The claim here is that by proactively, cautiously and purposely breaking things in a distributed system, we could potentially identify weaknesses in said system before they have a chance of occurring in production. It’s important to realize that the conditions for these failures could occur in any layer of our system: application, cache, database, network or hardware layer.

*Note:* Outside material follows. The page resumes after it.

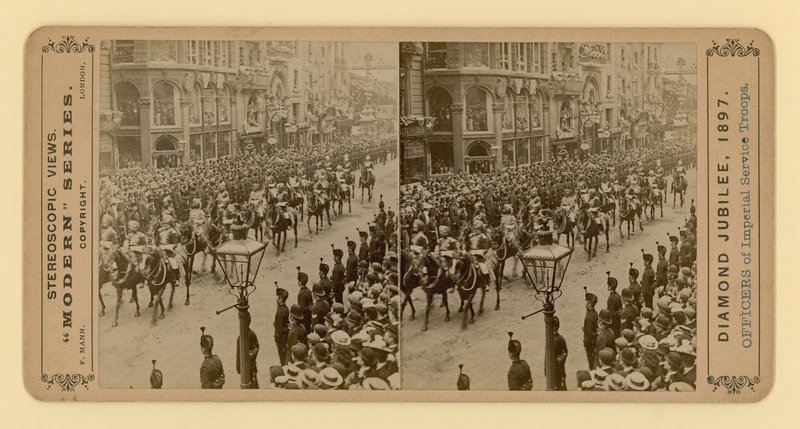ビクトリア女王のダイヤモンドジュビリーの立体プリント、1897年6月28日 作： 英語の写真家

It could range from an unexpected retry storm, erroneous configuration parameters, hardware issues, to a downstream dependency going offline.

Let’s assume that we’re running lots of different microservices, failures can become incredibly pernicious once they begin to cascade. When we find, highlight and fix potential failures before they have a chance of occurring in production, we will have made our system more resilient. We will also have built more confidence in our own system since we will have a better understanding of what the system is capable of when things go terribly south (or when we purposely throw something at it 😇).

By running these types of tests over and over again against our infrastructure, we can turn a potentially catastrophic event into a non-issue.

(Advanced) Principles of Chaos engineering

Even though the term “Chaos” might give you the impression that it involves a great deal of randomness, this is not entirely what we’re after. We aren’t looking for the piece of code that is broken either. We’re attempting to learn how the entirety of the system performs and what type of previously unknown behaviour emerges from a controlled experiment.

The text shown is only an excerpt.